My flatmate Valerio is leaving tomorrow to travel around Spain. The three flatmates-me, Tony, and Valerio-all went out to a Vegan bar last night to celebrate the good times we had. Valerio understandably got upset because he paid for toppings and all got were two tiny mushrooms on his mystery-veggie-meat-substitute-soya hamburger.

He will be gone but not forgotten. Before I never see him again, he was able to impart to me possibly his greatest conspiracy theory yet:
Lady Gaga is a member of the Freemasons and her clothing and makeup choices are actually secret codes to understanding their secrets. Could her meat dress perhaps be a coded message to the weather-controlling Jews in Antarctica?
I promise I am not making this up. Valerio explained to me that Lady Gaga's wardrobe functions much in the same way as the hidden symbols on the American dollar bill.

He's a very nice guy, but he represents the extreme of a far-too-common tendency in our culture to buy into outlandish theories and become cynics. It's frustrating because it takes the focus away from real problems and real instances where those in power are trying to hoodwink the public.

Today I brought my own lunch to school. I'd made a "garbage" salad of whatever canned veggies I could find in the supermarket and curry sauce. I also poured in a generous amount of habanero sauce as well. It's no great culinary masterpiece, to say the least, and I almost instantly regretted just throwing a bunch of vegetables in, so people were making fun of me today for "panning for artichokes" amidst the sea of whatever else was in there.

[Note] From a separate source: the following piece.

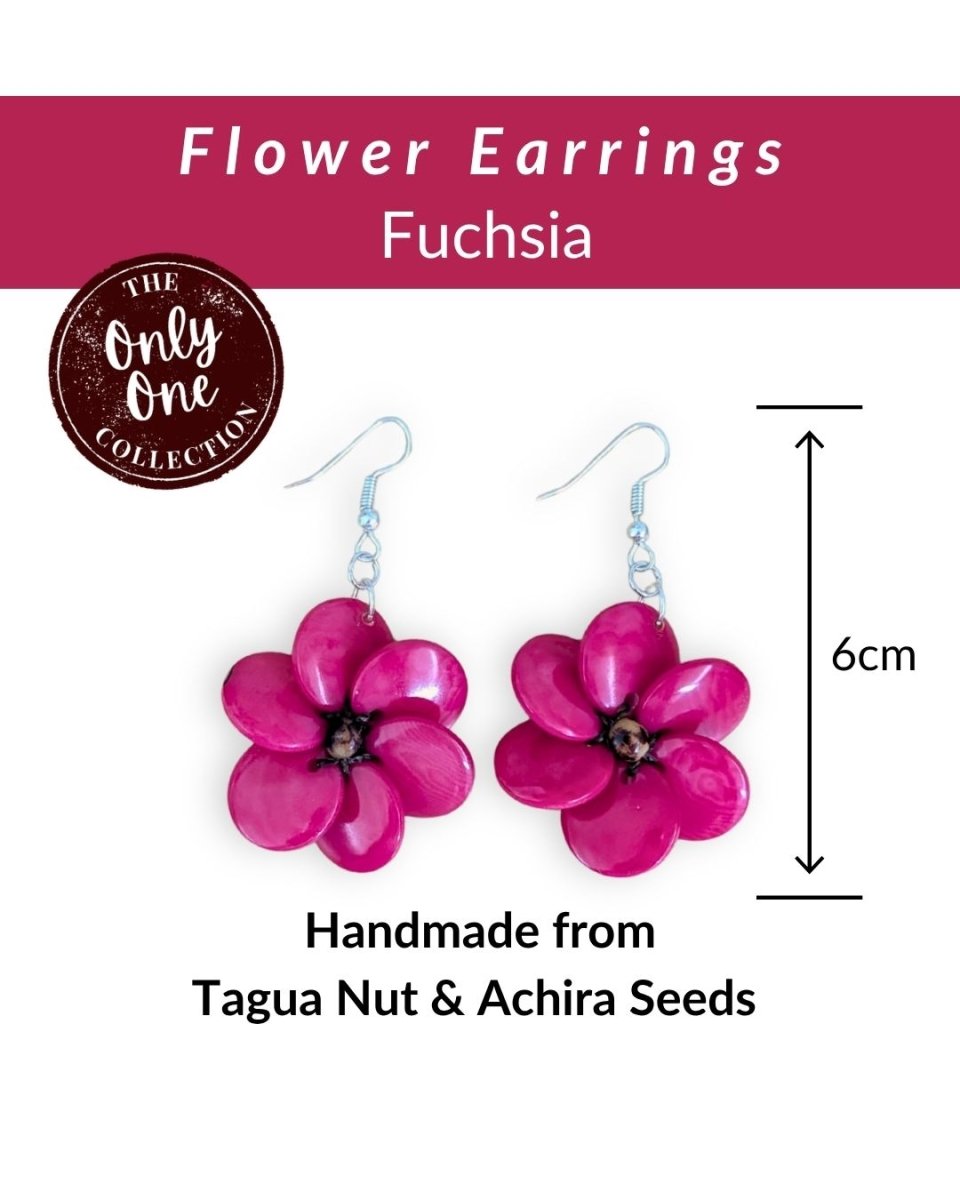 FLOWER — Handmade Tagua Statement Earrings — 'Only One' - The Happy Elephant - Tagua Jewellery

One of the intermediate students came over while I was eating and pointed out that what my salad looked like shit. I didn't appreciate this. His opinion was not valued.

Today's lesson was a trainwreck in the middle because I got frustrated with the student's lack of participation, went off script, and started talking at them again even though I knew this is a bad idea. I can't deal with silences as a teacher; the problem is that in a normal classroom you can fill the silences with your own voice most of the time, but in a language class you cannot. Maybe that's why I'd prefer at this point to be a professor (long-term).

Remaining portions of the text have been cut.